[Records from a collection]
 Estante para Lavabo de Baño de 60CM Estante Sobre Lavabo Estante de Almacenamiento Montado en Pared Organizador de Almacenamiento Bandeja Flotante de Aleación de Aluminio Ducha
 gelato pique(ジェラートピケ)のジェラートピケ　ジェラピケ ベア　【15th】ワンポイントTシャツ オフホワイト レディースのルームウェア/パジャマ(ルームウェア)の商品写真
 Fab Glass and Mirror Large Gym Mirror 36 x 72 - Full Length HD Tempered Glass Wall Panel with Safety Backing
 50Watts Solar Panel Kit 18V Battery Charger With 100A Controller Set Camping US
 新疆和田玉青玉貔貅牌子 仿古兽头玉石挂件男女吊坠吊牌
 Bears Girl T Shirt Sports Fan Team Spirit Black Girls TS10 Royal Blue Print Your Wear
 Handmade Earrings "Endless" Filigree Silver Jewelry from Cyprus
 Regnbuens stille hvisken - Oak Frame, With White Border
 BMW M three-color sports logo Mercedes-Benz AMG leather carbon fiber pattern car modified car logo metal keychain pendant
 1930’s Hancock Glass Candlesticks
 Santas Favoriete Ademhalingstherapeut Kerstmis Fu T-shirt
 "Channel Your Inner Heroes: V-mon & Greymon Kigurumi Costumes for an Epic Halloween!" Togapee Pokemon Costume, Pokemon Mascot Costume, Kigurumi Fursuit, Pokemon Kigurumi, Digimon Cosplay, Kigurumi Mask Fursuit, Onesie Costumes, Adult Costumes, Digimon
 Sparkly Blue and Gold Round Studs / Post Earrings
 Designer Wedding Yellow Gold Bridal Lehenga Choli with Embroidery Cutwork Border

Your goal:
Beginning at the opening line of the data, transcribe each line exactly until you reach the line with "新疆和田玉青玉貔貅牌子 仿古兽头玉石挂件男女吊坠吊牌", which you also include, and go no further.

Exercise output:
 Estante para Lavabo de Baño de 60CM Estante Sobre Lavabo Estante de Almacenamiento Montado en Pared Organizador de Almacenamiento Bandeja Flotante de Aleación de Aluminio Ducha
 gelato pique(ジェラートピケ)のジェラートピケ　ジェラピケ ベア　【15th】ワンポイントTシャツ オフホワイト レディースのルームウェア/パジャマ(ルームウェア)の商品写真
 Fab Glass and Mirror Large Gym Mirror 36 x 72 - Full Length HD Tempered Glass Wall Panel with Safety Backing
 50Watts Solar Panel Kit 18V Battery Charger With 100A Controller Set Camping US
 新疆和田玉青玉貔貅牌子 仿古兽头玉石挂件男女吊坠吊牌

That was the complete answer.